Your assignment
For the records below, give the number of lines that include the string "source". Nothing else belongs in the answer.

Information provided
..........

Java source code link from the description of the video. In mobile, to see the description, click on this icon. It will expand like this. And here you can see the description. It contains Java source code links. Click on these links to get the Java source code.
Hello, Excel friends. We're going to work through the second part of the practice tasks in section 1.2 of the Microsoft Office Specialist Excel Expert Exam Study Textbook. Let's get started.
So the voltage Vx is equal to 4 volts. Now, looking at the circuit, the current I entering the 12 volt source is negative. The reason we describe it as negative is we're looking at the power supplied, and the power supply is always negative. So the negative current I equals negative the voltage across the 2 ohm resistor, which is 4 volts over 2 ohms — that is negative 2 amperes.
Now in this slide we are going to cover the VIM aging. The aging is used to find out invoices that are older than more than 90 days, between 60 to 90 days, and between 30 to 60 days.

..........

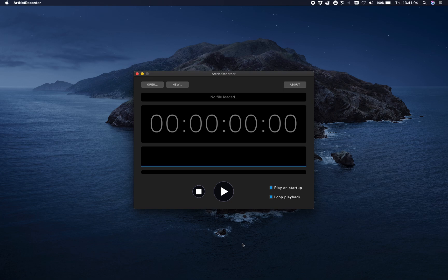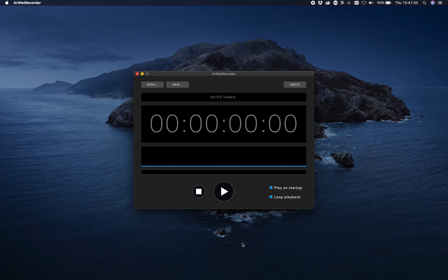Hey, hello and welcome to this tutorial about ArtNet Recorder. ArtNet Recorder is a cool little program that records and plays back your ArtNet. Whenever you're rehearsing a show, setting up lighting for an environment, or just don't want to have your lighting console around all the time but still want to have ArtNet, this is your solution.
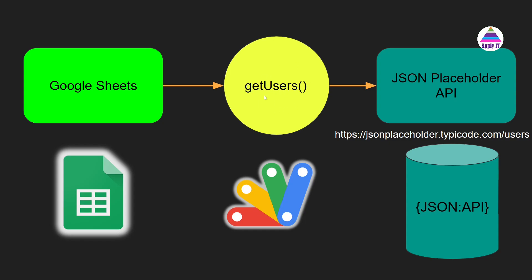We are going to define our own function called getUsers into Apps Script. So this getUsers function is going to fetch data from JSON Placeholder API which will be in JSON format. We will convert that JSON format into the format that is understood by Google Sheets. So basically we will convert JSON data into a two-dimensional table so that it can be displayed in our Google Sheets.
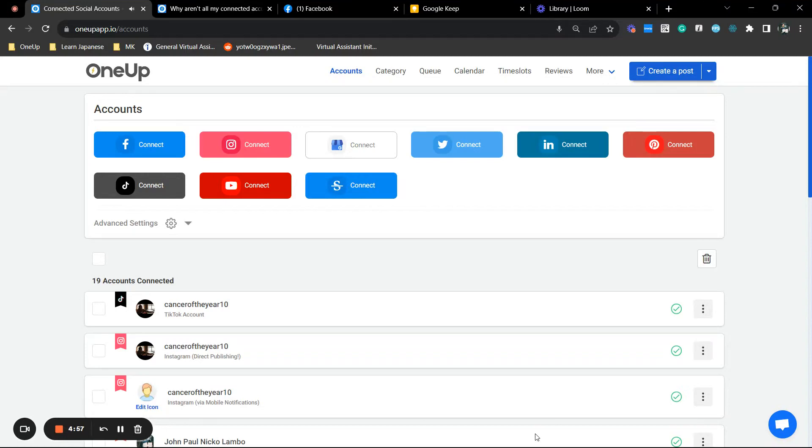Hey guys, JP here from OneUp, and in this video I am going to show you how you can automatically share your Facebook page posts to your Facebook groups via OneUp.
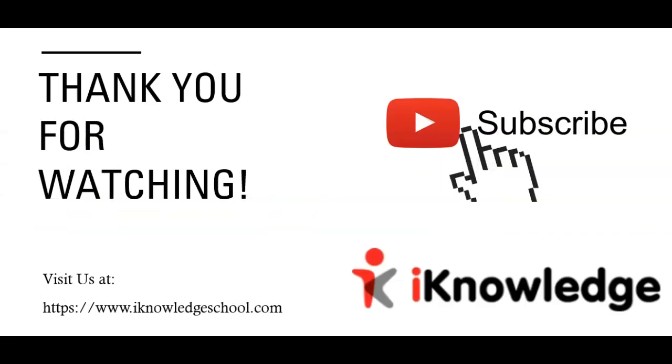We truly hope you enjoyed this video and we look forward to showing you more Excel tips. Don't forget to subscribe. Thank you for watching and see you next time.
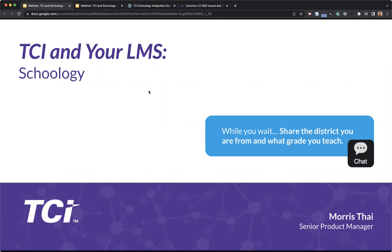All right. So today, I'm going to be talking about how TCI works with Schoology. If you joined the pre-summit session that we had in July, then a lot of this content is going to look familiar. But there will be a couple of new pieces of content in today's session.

..........

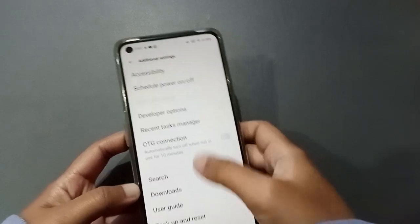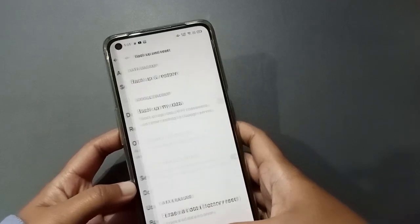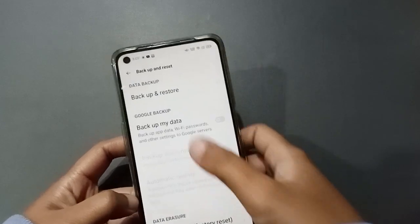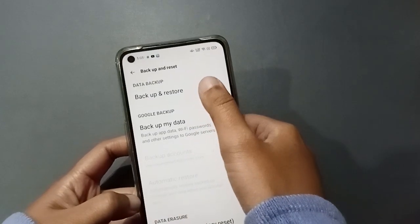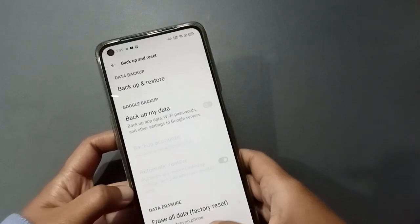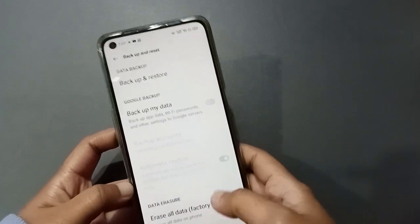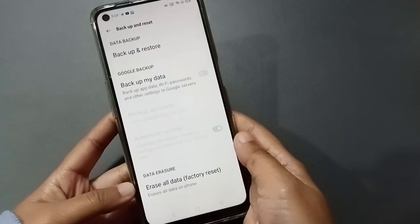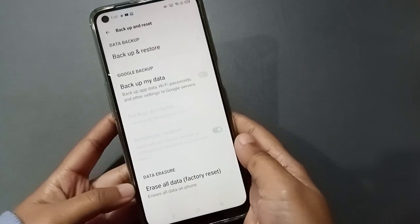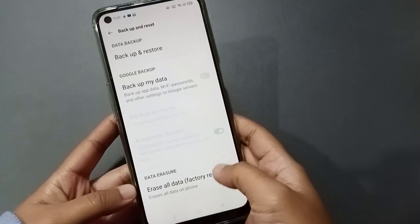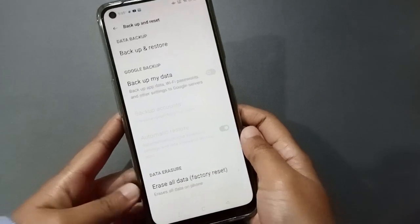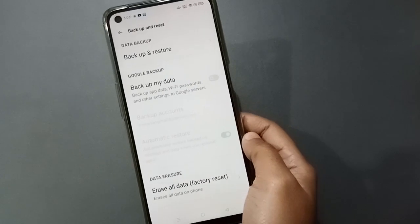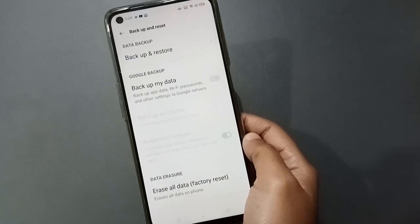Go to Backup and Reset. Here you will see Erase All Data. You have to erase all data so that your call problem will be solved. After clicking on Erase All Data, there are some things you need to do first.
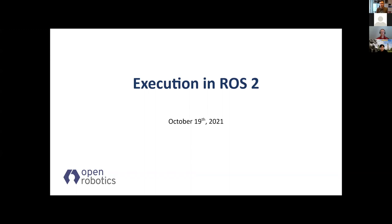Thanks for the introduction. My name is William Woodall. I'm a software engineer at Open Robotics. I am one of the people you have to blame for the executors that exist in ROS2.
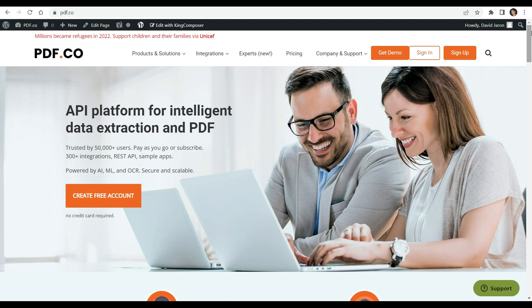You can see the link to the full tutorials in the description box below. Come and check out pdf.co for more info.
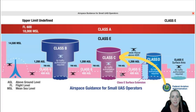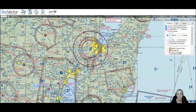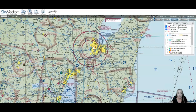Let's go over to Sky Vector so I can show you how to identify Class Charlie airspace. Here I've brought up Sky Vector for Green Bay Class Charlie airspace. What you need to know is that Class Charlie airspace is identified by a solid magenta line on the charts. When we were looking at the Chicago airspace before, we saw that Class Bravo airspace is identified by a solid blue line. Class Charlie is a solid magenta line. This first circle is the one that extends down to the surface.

..........

Problem solution
2